§ WHAT IS REQUIRED
Starting at the line with "Sites similar to brandflow3d.com", retype each line exactly up to and including the final line of the records below.

Caption-style text data
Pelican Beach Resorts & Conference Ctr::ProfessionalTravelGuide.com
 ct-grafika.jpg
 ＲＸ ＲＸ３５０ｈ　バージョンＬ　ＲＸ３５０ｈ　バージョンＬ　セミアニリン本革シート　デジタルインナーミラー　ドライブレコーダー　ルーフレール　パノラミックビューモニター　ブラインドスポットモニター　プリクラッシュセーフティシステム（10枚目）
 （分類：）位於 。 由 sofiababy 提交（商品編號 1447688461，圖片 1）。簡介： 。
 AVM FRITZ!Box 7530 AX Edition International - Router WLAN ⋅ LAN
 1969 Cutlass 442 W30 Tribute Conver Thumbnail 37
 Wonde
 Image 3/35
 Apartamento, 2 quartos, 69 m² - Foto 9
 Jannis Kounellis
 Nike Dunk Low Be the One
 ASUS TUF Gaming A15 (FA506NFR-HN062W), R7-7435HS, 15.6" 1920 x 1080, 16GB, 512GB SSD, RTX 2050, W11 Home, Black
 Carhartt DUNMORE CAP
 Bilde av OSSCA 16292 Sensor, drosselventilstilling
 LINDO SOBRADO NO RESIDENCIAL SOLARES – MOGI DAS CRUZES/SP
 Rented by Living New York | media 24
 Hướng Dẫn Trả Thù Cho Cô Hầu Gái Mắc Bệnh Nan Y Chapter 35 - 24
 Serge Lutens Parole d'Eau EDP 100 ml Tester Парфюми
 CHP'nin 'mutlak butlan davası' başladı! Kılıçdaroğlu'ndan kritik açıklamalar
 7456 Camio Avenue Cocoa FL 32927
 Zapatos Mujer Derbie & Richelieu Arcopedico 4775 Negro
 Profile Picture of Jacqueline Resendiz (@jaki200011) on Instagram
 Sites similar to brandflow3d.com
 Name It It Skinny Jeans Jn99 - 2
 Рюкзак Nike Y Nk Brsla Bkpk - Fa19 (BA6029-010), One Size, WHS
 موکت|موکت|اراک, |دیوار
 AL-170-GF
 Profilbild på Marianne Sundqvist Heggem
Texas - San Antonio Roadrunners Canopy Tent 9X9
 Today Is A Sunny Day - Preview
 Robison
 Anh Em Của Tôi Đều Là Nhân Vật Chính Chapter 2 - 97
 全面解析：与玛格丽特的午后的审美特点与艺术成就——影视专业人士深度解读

§ OUTPUT BELOW
 Sites similar to brandflow3d.com
 Name It It Skinny Jeans Jn99 - 2
 Рюкзак Nike Y Nk Brsla Bkpk - Fa19 (BA6029-010), One Size, WHS
 موکت|موکت|اراک, |دیوار
 AL-170-GF
 Profilbild på Marianne Sundqvist Heggem
Texas - San Antonio Roadrunners Canopy Tent 9X9
 Today Is A Sunny Day - Preview
 Robison
 Anh Em Của Tôi Đều Là Nhân Vật Chính Chapter 2 - 97
 全面解析：与玛格丽特的午后的审美特点与艺术成就——影视专业人士深度解读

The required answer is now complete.